Top of Given records

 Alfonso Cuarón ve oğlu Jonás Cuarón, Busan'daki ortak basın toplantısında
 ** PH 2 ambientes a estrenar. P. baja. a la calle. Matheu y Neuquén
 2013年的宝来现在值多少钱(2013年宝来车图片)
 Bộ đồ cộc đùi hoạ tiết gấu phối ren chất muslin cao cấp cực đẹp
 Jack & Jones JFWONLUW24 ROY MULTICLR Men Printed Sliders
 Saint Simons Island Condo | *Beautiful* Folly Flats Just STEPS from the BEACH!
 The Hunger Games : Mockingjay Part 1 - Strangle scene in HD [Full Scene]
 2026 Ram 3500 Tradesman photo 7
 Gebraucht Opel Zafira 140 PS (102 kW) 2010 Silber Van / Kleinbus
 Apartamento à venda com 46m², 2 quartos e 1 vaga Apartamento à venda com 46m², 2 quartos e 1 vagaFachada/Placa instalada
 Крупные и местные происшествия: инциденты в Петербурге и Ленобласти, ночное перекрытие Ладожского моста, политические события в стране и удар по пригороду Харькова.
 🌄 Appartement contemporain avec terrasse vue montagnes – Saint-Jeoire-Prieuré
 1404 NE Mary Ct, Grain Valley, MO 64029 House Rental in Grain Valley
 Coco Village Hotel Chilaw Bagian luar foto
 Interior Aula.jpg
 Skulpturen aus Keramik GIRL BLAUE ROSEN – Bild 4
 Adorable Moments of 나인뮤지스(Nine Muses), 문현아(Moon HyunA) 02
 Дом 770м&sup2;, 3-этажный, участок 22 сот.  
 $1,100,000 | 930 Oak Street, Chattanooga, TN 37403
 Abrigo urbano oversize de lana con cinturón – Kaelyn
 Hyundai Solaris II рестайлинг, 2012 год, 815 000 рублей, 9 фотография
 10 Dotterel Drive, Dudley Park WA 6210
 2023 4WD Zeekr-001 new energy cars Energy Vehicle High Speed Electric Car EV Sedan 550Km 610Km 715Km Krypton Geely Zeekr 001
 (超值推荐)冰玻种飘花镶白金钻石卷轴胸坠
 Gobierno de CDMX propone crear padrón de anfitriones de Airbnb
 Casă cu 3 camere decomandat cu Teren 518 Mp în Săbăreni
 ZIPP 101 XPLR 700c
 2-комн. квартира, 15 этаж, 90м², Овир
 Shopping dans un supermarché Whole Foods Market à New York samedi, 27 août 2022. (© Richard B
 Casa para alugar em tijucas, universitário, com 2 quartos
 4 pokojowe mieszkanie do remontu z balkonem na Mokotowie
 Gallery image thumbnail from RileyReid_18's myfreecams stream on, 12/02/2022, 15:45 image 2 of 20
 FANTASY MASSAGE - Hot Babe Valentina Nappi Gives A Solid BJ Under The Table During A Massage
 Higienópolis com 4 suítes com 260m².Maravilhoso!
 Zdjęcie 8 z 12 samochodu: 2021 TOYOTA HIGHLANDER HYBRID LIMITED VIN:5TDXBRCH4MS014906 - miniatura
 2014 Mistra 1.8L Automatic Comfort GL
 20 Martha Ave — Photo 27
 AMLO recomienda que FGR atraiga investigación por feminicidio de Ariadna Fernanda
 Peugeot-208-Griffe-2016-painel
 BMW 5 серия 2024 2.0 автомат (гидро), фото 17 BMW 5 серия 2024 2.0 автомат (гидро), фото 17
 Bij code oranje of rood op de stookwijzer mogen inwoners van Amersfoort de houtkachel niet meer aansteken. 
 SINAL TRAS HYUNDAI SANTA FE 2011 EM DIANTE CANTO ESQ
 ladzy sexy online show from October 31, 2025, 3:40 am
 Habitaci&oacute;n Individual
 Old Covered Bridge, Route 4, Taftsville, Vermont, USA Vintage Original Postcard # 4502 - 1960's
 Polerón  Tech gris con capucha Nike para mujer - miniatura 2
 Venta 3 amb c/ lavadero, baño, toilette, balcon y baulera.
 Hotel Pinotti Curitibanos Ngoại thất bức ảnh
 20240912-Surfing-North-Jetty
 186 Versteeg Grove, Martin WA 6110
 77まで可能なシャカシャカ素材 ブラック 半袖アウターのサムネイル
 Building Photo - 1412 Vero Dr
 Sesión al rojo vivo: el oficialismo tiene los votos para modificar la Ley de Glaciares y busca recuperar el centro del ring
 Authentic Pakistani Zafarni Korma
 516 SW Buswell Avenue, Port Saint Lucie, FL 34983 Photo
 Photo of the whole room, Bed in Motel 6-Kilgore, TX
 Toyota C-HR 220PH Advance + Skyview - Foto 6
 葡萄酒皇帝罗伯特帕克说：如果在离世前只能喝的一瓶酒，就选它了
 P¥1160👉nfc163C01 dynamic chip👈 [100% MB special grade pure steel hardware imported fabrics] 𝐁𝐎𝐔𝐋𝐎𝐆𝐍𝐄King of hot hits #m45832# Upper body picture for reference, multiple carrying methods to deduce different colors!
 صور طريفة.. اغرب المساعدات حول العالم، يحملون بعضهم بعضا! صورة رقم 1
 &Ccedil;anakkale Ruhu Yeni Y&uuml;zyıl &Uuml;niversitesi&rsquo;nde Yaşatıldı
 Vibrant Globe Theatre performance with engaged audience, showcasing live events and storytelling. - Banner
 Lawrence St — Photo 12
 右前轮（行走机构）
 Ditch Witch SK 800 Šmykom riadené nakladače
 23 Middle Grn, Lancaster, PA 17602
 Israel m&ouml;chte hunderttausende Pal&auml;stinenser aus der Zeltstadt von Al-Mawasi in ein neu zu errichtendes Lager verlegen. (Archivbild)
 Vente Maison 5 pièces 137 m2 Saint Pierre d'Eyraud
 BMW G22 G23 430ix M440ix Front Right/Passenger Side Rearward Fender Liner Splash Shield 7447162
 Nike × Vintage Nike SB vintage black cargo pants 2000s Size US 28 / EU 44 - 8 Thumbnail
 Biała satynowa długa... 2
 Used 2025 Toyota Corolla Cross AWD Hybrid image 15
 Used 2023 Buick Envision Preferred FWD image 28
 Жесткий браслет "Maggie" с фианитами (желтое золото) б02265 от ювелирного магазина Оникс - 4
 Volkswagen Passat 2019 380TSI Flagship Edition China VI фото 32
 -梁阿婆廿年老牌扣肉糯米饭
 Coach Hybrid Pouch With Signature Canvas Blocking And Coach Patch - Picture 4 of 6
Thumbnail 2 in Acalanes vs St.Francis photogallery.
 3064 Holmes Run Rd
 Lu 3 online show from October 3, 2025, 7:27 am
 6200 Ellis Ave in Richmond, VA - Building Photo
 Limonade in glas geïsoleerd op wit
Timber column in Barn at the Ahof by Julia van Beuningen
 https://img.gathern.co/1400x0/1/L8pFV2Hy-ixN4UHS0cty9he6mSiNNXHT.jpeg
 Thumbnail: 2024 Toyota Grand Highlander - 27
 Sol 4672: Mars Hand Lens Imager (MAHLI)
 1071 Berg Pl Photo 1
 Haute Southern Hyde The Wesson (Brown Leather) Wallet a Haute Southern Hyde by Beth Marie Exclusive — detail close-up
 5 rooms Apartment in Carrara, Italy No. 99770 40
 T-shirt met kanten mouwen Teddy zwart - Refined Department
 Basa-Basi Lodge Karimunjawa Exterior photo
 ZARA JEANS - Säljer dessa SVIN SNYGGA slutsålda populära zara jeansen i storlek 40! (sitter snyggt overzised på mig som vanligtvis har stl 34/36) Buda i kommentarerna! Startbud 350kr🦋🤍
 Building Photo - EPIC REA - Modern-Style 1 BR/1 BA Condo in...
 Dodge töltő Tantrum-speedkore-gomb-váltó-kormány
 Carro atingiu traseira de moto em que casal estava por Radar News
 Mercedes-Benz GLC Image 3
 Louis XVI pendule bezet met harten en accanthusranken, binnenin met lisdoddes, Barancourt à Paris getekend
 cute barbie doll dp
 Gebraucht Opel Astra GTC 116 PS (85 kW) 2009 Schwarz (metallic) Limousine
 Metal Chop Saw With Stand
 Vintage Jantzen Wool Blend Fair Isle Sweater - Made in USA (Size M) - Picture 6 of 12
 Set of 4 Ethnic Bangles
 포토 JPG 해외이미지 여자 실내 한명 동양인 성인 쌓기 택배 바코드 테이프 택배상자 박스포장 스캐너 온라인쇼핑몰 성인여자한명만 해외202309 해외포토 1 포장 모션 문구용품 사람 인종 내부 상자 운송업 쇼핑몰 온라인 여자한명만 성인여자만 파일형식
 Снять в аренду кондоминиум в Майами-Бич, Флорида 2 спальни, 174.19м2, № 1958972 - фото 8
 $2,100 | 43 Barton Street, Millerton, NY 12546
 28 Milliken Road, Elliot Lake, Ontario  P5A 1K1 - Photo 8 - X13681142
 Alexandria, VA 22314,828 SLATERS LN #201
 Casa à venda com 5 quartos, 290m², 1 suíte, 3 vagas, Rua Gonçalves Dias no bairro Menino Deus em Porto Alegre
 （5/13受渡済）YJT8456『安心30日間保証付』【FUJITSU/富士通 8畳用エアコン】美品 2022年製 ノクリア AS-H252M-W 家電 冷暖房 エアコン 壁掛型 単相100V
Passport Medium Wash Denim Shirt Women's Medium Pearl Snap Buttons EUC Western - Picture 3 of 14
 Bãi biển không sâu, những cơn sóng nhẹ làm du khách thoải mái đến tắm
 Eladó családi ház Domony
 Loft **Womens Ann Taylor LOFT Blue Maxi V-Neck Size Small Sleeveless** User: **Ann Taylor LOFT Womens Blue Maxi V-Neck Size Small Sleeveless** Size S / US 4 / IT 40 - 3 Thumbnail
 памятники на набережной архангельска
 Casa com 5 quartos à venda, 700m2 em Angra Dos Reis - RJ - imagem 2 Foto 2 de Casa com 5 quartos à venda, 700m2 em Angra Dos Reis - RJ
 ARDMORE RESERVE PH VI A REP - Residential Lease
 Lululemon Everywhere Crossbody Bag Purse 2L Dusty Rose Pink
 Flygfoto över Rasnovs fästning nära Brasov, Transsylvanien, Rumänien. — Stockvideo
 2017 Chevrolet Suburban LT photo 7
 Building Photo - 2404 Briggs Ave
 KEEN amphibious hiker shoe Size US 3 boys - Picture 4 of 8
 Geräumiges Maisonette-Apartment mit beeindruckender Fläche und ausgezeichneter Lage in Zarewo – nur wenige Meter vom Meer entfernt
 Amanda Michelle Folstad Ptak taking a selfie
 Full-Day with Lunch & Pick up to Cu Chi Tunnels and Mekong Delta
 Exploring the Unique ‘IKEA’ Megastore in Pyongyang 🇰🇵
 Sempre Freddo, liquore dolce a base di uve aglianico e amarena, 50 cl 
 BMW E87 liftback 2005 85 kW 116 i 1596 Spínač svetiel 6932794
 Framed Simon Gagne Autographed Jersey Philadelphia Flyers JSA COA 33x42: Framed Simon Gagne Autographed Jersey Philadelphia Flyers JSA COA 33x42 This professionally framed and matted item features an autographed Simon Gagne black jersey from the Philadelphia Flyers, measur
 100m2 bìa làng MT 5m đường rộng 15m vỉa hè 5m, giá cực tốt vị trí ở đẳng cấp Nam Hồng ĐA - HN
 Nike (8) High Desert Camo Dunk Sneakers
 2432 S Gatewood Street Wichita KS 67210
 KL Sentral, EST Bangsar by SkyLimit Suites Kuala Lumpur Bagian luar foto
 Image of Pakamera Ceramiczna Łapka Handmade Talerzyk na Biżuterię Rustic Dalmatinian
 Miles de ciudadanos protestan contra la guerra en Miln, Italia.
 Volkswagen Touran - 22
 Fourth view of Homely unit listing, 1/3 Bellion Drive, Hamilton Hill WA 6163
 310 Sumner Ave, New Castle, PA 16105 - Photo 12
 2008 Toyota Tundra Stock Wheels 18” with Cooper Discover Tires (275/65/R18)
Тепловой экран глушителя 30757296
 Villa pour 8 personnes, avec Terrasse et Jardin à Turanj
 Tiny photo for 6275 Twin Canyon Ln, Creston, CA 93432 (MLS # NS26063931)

Bottom of Given records

§ Task goal
Give the number of lines in the entries that hold the string "online", and add nothing else.

§ Expected answer
2